Chaire Eau et paysage
La délégation interministérielle qui a préfiguré la métropole considère l’IMVT comme l’une des premières expressions emblématiques de son projet. Certes, les paysagistes n’ont pas remporté le bras de fer sans concéder une première année commune entre Versailles et Marseille. Mais l’école méditerranéenne portera, à la rentrée 2017, une des premières chaires de la profession, sur le thème Eau et paysage, dans le cadre d’un partenariat avec l’Agence de l’eau Rhône-Méditerranée Corse.
Le défi du titre
Ce 27 janvier à la Villa Méditerranée, l’élan unitaire de l’IMVT a déteint sur les directeurs des sept écoles françaises de paysage, face à un défi commun : se mettre au diapason du titre de Paysagiste Concepteur, créé en août dernier par la loi Biodiversité. Tous ont contribué à la rédaction du décret qui en fixe les conditions d’accès, en cours d’examen au Conseil d’Etat après un travail coordonné par le ministère de l’Environnement. « Dans la négociation, nous avons veillé à ce que l’application de la loi préserve au moins le niveau d’exigence internationale fixé par l’Ifla (ndlr : association internationale des architectes paysagistes) », rappelle Vincent Piveteau, directeur de l’ENSP. Ciment inter-écoles et socle du référentiel international, la défense d’une pédagogie centrée sur le projet de paysage a conduit les directeurs à refuser d’admettre l’Itiape, école d’ingénieurs paysagistes basée à Lille, parmi les établissements qui ouvrent l’accès au titre : un enjeu d’autant plus important que l’Ifla doit renouveler ses accréditations à la fin 2017.
Héritages préservés
L’autre défi majeur concerne les cinq écoles publiques qui se positionnent sur le nouveau diplôme d’Etat de paysagiste (DEP), créé par un décret de novembre 2015 : Blois, Bordeaux, Lille, Marseille et Versailles. La mise en place de la bformation de trois ans, à partir d’un diplôme bac + deux, nécessite une année de rodage de la nouvelle dernière année : « Les échanges sur ce sujet ont montré comment, à partir d’une même exigence pédagogique, chacun invente des parcours originaux, en s’appuyant sur son héritage », témoigne Vincent Piveteau.
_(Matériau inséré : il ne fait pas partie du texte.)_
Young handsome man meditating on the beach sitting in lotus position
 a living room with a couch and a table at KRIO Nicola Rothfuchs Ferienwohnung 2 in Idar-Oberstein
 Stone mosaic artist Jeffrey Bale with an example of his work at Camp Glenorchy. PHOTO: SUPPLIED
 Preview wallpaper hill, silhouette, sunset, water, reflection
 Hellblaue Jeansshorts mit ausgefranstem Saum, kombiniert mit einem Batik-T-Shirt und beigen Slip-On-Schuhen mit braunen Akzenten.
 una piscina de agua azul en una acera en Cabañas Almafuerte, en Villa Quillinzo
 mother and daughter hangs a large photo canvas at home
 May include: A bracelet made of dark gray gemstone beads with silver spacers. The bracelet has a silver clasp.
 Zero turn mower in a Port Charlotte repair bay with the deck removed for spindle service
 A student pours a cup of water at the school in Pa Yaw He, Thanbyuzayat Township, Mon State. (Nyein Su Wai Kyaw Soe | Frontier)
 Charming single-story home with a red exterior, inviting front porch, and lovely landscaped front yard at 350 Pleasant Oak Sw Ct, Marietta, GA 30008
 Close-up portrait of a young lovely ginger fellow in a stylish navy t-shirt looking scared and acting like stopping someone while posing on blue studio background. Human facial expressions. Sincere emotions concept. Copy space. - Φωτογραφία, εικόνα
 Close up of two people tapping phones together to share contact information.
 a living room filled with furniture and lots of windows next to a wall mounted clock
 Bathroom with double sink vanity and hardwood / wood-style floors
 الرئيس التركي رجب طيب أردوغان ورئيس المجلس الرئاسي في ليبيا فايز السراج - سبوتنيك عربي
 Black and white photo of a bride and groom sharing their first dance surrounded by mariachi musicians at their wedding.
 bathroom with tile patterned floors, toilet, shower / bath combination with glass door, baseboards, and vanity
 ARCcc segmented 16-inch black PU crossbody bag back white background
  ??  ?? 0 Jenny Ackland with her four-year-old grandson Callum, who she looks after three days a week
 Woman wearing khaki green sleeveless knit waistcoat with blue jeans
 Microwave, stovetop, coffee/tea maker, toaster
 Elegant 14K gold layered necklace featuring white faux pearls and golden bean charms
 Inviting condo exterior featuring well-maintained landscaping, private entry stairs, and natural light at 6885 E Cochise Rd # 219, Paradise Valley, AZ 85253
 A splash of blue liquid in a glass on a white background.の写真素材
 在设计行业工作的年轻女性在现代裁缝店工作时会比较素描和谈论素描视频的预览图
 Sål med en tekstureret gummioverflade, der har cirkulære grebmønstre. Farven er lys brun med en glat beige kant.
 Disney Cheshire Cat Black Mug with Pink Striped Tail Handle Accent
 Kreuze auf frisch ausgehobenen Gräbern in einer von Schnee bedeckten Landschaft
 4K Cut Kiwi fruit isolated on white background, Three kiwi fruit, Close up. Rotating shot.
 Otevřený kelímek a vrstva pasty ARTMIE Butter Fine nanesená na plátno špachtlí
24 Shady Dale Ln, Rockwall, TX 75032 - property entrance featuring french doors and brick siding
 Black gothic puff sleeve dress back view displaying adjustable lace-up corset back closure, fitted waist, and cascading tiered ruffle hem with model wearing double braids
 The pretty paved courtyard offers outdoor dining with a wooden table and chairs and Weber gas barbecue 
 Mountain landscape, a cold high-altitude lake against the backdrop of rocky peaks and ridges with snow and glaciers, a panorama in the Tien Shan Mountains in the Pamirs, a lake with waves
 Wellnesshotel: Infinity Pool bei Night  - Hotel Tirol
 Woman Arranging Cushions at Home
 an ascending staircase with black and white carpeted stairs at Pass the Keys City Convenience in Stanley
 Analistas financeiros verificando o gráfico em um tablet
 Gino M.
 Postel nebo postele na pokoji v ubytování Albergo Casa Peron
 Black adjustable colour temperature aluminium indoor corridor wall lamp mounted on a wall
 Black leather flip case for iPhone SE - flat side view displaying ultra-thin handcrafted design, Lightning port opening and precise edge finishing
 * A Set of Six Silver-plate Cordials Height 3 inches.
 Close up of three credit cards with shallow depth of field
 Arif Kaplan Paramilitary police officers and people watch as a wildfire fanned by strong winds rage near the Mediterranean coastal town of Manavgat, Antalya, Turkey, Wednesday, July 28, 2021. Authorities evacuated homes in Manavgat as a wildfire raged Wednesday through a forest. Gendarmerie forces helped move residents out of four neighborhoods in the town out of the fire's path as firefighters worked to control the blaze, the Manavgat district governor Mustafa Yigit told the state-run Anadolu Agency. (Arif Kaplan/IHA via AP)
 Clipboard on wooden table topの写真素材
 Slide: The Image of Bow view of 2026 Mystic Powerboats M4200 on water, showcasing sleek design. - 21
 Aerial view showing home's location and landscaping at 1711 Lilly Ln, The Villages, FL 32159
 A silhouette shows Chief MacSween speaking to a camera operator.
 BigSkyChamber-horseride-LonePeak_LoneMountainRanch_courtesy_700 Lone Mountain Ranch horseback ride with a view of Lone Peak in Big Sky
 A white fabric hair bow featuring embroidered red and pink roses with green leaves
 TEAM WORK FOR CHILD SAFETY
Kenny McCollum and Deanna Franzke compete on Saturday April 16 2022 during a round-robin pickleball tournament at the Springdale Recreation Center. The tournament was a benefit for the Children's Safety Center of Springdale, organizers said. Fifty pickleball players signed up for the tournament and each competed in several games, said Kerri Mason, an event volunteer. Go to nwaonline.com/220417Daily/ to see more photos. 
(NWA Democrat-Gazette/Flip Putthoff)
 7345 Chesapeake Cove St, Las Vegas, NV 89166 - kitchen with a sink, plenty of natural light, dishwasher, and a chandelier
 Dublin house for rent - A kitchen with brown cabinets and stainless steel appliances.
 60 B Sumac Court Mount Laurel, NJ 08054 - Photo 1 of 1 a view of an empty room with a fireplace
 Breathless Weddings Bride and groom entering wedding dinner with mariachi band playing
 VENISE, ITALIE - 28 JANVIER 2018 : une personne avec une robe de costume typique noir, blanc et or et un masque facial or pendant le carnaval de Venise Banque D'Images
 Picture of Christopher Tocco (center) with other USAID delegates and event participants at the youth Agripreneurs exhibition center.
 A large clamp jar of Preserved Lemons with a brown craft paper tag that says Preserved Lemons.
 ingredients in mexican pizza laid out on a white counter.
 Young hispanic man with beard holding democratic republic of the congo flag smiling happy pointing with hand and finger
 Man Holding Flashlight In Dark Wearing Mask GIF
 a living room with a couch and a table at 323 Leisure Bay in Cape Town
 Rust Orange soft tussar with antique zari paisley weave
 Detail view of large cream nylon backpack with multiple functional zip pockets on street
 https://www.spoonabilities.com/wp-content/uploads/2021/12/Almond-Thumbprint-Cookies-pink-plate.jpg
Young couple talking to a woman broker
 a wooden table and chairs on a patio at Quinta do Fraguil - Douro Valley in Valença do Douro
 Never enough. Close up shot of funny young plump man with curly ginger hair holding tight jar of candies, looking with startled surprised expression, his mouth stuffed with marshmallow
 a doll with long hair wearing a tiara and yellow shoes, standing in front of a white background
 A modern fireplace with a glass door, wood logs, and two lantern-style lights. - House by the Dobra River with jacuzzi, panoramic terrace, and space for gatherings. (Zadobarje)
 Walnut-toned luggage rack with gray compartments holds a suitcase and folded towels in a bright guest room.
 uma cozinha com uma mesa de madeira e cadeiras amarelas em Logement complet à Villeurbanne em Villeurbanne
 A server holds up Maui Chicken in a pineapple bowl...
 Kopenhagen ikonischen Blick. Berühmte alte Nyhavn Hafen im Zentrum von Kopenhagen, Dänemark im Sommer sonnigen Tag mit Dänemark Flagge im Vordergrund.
Non concernée par le DEP, l’Ecole supérieure d’architecture des jardins (Esaj), seul membre privé du club des 7, engage une démarche parallèle programmée pour trois ans, à partir de la rentrée 2017 : « Le référencement au répertoire national de la certification professionnelle ouvrira la voie au titre de paysagiste concepteur pour nos diplômés, et créera un modèle dont pourraient s’inspirer d’autres projets privés », indique Matthias Pottier, son président.
Coopération renforcée
Tout en préservant leur diversité, les établissements se préparent à renforcer leur coopération dans le domaine de la recherche, promise à une nouvelle impulsion, dans la foulée du DEP : confortée par l’audit de l’Agence de l’évaluation de la recherche scientifique, leur revue « Projets de paysage » va connaître une nouvelle aura, avec son intégration dans le site revue.org, commun aux revues scientifiques françaises. La coopération inter-écoles pourrait également se décliner dans la communication : la rencontre de Marseille a impulsé une réflexion sur un stand commun, au salon Paysalia, en décembre prochain à Lyon.